New Media Alliance published findings from a new study that analyzes how Google uses and benefits from news. Among the major findings of the study is that news is a key source on which Google has increasingly relied to drive consumer engagement with its products. The amount of news in Google search results ranges from 16 to 40%, according to the study.
The study, containing analysis conducted by experts at strategy and economics consulting firm Keystone Strategy and written by the News Media Alliance, includes a qualitative overview of Google’s usage of news content, an analysis of the amount of news content on Google Search and Google News, and an estimate of revenue Google receives from news.
David Chavern, president and chief executive officer of News Media Alliance said, “News publishers need to continue to invest in quality journalism, and they can’t do that if the platforms take what they want without paying for it. Information wants to be free, but reporters need to get paid.”
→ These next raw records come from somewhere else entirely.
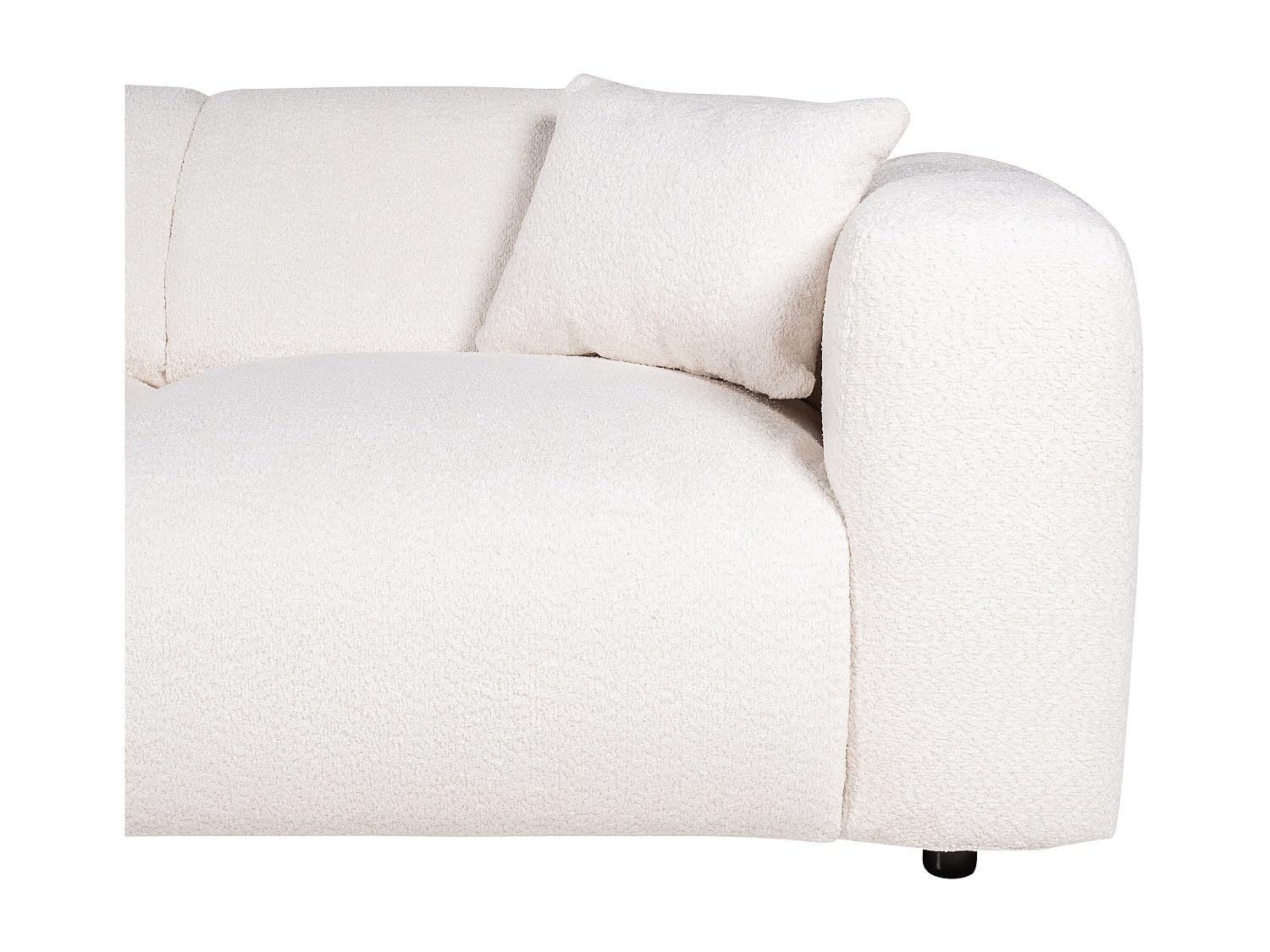 Vente-unique - Ecksofa - Ecke Links - Bouclé-Stoff - Weiß - POGNI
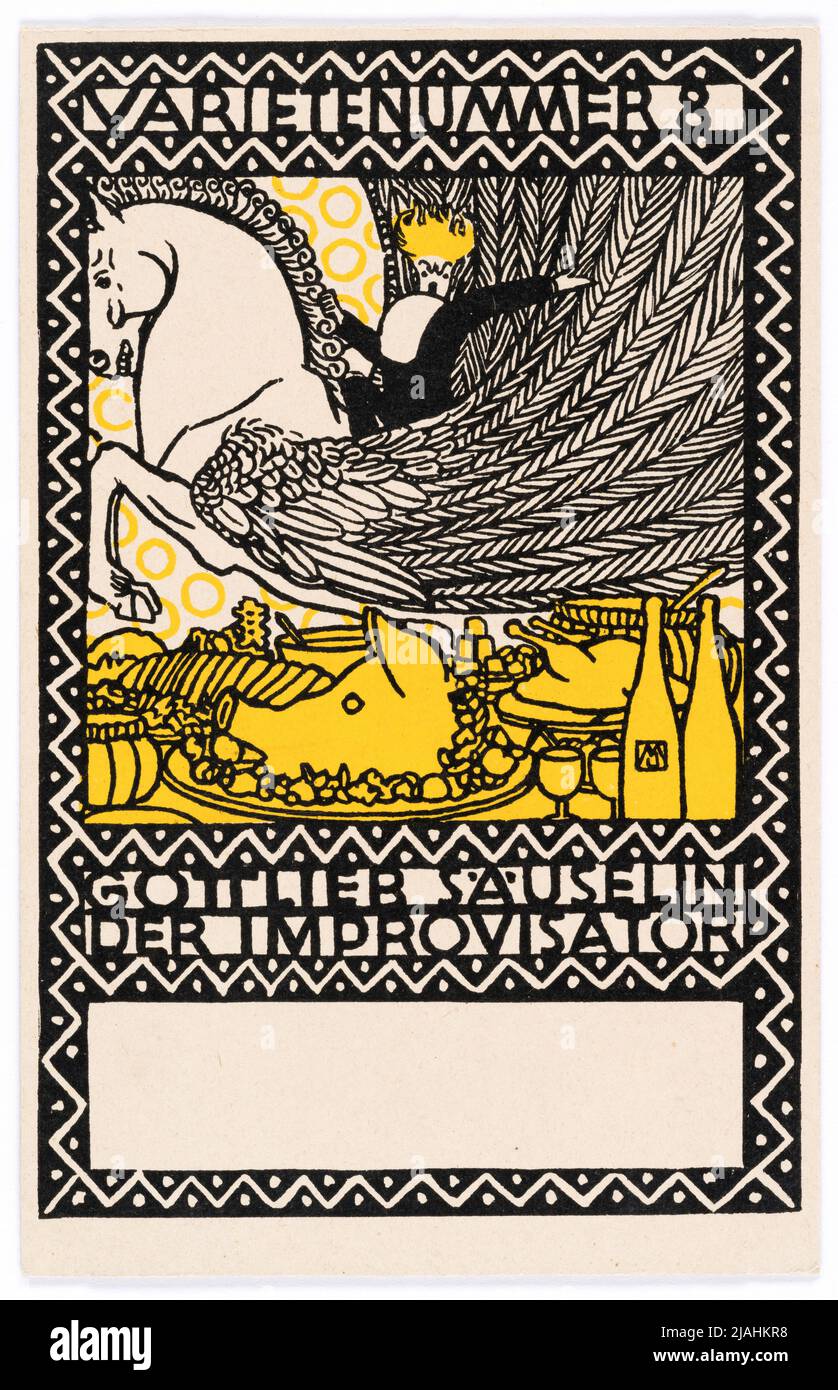 Cartolina di Wiener Werkstätte n° 92: 'Varietary number 8: Gottlieb Säuselin l'improvvisatore'. Moriz Jung (1885-1915), artista, Wiener Werkstätte, casa editrice Foto Stock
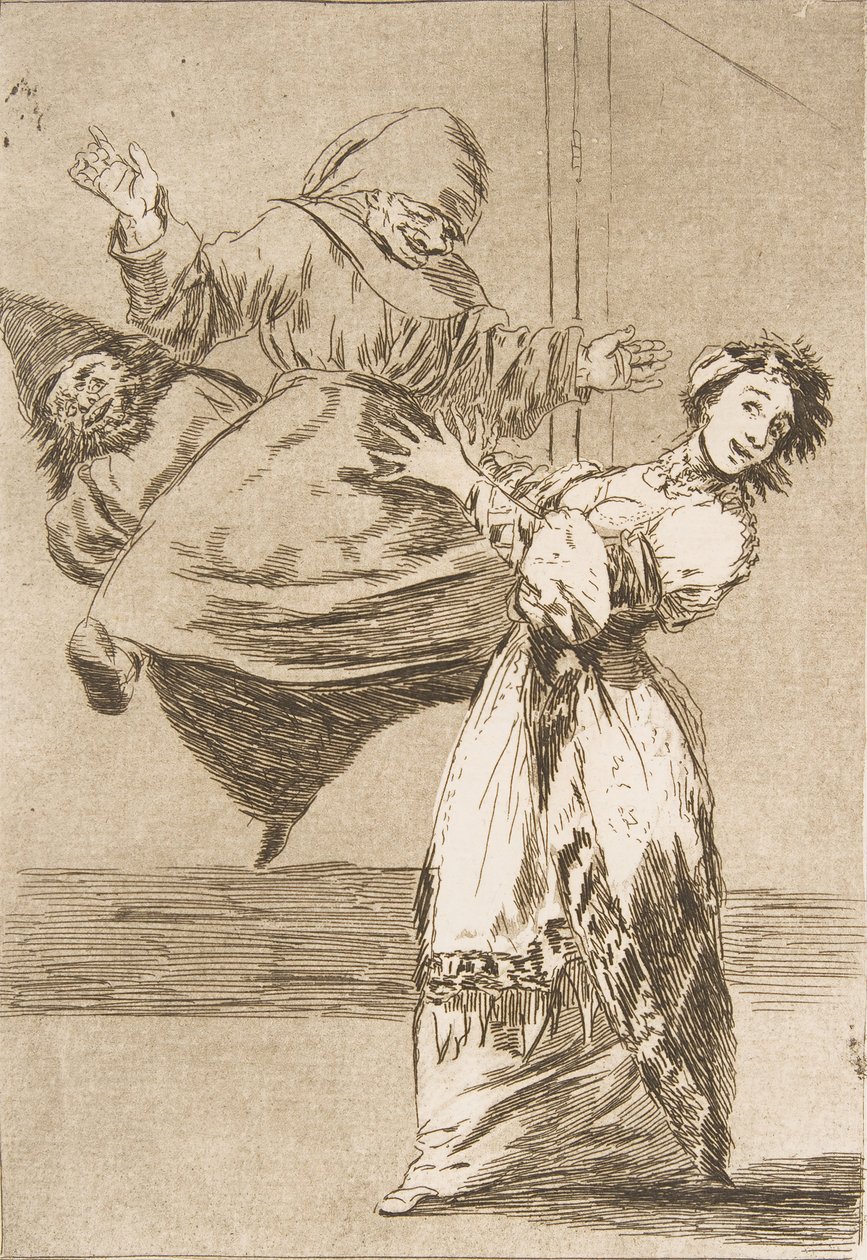 Plate 74 fra Los Caprichos: Dont scream, stupid No Grites, tonta, 1799. av Francisco de Goya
News Media Alliance believes that the figures in the study are conservative estimates of the revenue Google makes through its use of news content. The actual value of news content to Google is more difficult to quantify because of the various ways the company uses news content to drive traffic, develop its products and entrench its dominant position, according to the study. In addition to using news content for product development, such as training its artificial intelligence services, Google is tailoring its products – ramping up its use of news – to keep users in the Google ecosystem.
According to the study, since January 2017, traffic from Google Search to news publisher sites has risen by more than 25% to approximately 1.6 billion visits per week in January 2018. Corresponding with consumers’ shift toward Google for news consumption, news is becoming increasingly important to Google.
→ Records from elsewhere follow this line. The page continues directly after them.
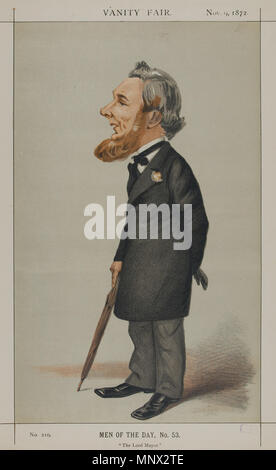 . Männer des Tages Nr. 53: Karikatur von Sir Sydney Waterlow. Bildunterschrift lautet: "Der Oberbürgermeister.'. 9. November 1872. 'Cecioni' Adriano Cecioni (1836 - 1886) Beschreibung italienische Künstler, Karikaturist und Bildhauer Geburtsdatum / Tod 26. Juli 1836 23. Mai 1886 Ort der Geburt / Todes Vaglia Florenz Arbeit Lage Italien, Vereinigtes Königreich Authority control: Q 2250712 VIAF: 77235641 ISNI: 0000 0000 6630 3187 ULAN: 500030974 LCCN: Nr: 12395861 90012222 GND X WorldCat 1253 Sydney Hedley Waterlow, Vanity Fair, 1872-11-09 Stockfoto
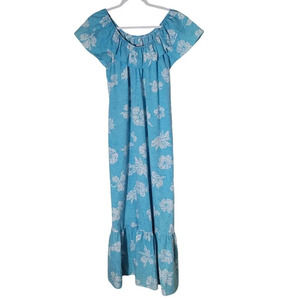 Vintage Hilo Hattie Off Shoulder Maxi Dress Women's Size Small Blue Hawaiian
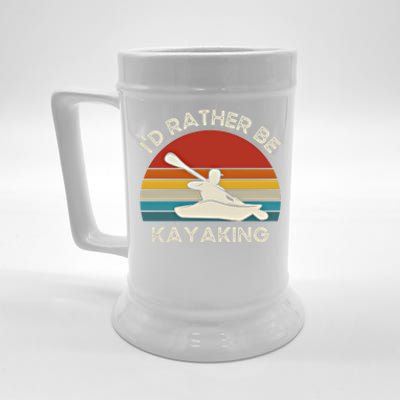 ID Rather Be Kayaking Vintage Retro Sunset Kayak Gift Beer Stein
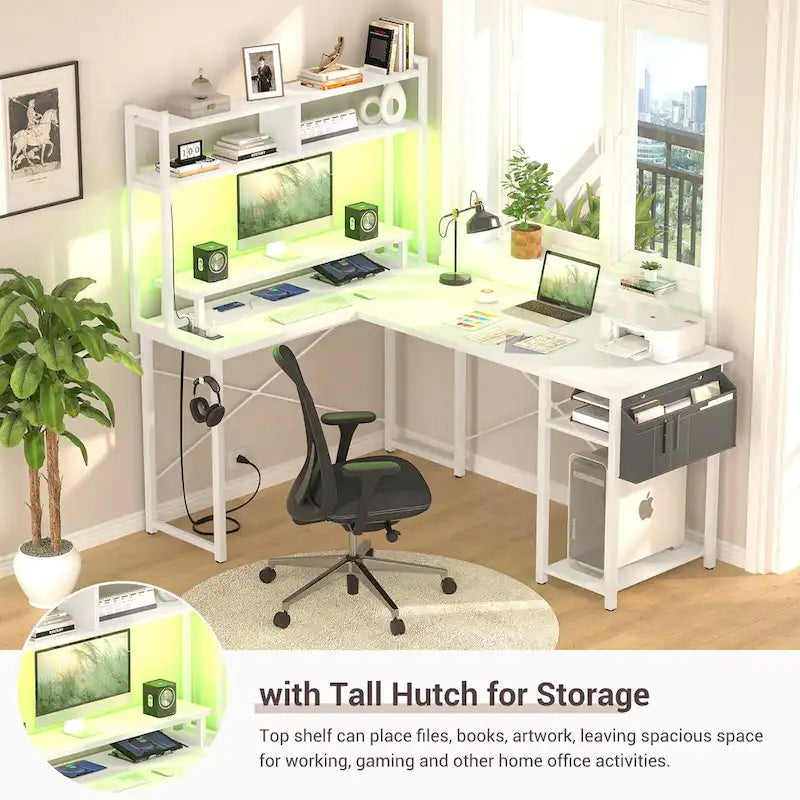 Farmhouse L-shaped Desk with Power Outlet, Gaming Table with Hutch and LED Light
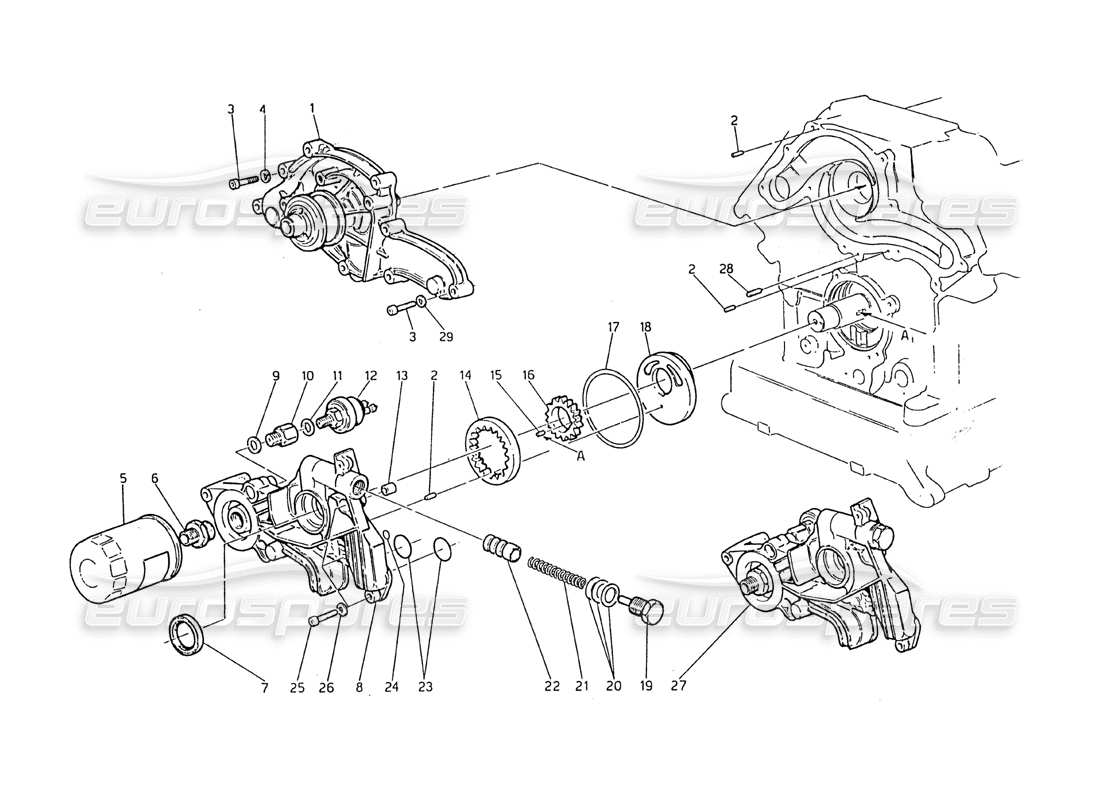 maserati biturbo 2.5 (1984) water pump and oil pump part diagram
“The findings clearly point to Google responding to an increase in consumers searching for news, creating and tailoring products that keep users within its ecosystem. This means more money goes back to Google and not the publishers producing the content,” Chavern stated.
Google’s news products also allow it to capture valuable user data that help it improve its core services. According to the report, in 2018, the number of unique monthly visitors in the U.S. to Google News eclipsed that of top news websites such as The New York Times, CNN and Huffington Post.
“We have called for legislation that would provide a limited safe harbor for news publishers to be able to collectively negotiate for better terms with platforms such as Google and Facebook,” Chavern said. “This is the only solution to correcting the current marketplace imbalance, which allows the platforms to dominate the web and related advertising infrastructure, as well as control who sees publishers’ content and when.”
A bill that would accomplish this – The Journalism Competition & Preservation Act – has been introduced in the House and in the Senate.
I have read several comments in various blogs that are questioning this figure of US4.7 billion which is a kind of a rough guesstimate. While the figure has caught the eye of the press as a large rip-off of journalist and publisher’s effort, the industry will have to figure out a better way of getting Google to help it beyond driving traffic to its content and making money for Google. On the one hand each player is trying to out-traffic the other and get more of out of google in the way of analytics and ad revenue of their own, and on the on the other it cannot figure out what to do – whether to put up paywalls for its own content or not.
While in the developed markets paywalls of all kinds are rising, there is very little happening on paywalls in India. Business Standard, The Hindu and The Business Line have put up some types of paywalls and activated their ePapers for digital subscription revenue. So have Caravan and The Ken but all reluctant to discuss their numbers at this point. IppStar has been trying to do a paywall survey of Indian publications but so far they are very reluctant to talk let alone share numbers. This digital transition is going to be painful until we crack it and learn to enjoy it. Surely it needs a new mindset.